America’s broken Dreams

 

America’s broken Dreams.

After decades of untrammeled capitalism there are still those that believe in its system able to the ‘transformation of all to the common good for all.’ This is what really happened though when the power of money took over from the power of sharing, caring, empathy and tolerance. Take a good look!

http://www.abc.net.au/iview/#/view/30857

Was it forty two million or forty four million who are now living in dismal poverty in America? How could a country get it so wrong and so quickly? Here was a nation once held up as an example of giving anyone prepared to put shoulder under the task the just reward in living the life of dreams and untold riches. They had John Steinbeck’s ‘Of Men and mice’ as a previous example. The problem was the neglect of dreams of the spirit and mind and an over emphasis on material benefits. Is this a repeat of the 1920/30’s?

Was it ownership of large houses with triple garages that overtook ownership of caring and friendship, neighbourly concern, an intimacy of living together? Did they forget to understand what gives  satisfaction is learning to overcome life’s tribulations and a yearning for bettering ourselves by caring about others? It wasn’t supposed to be this lonely race to fat bank accounts with share portfolios kept locked in  study-room’s gleaming drawers. Something went wrong somewhere.
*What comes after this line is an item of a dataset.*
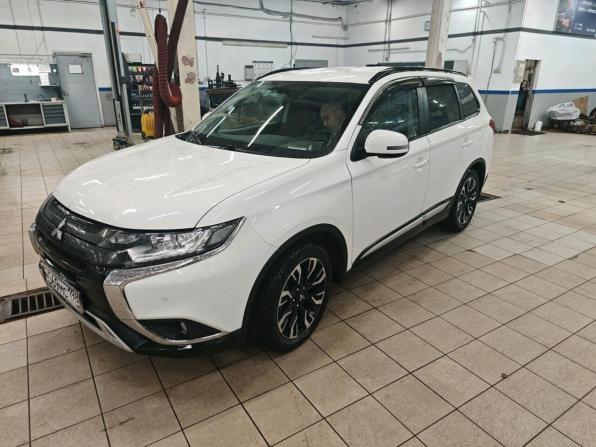 Mitsubishi Outlander III Рестайлинг 3 с пробегом 2021 года, цена 2 365 000 рублей, 127760 км, внедорожник, Автокод Объявления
Americans aspired to keep young with Botox infusions, silly anti-erotic chicken-wing look Brazilian waxes and expensive life expanding lotions, do anything to keep death away. That was banished as much as possible with the casket silently sliding and discretely hidden by a curtain, towards its final journey, the incinerator.  Better to concentrate on membership to exclusive golf clubs or solariums to give  tans as overwhelming proof of health, wellbeing and.. Being and staying alive together with John Travolta and Olivier Newton.

The poverty in America while terribly real is also removed from what we used to think of as poor. The family was still driving a large car; they had flat TV, computers and the kids fiddling with electric gadgets. Some of those did not look very hungry either with large torsos struggling to get in and out of cars. It was the feeling of the US being totally lost in people’s life’s travel that was the real poverty.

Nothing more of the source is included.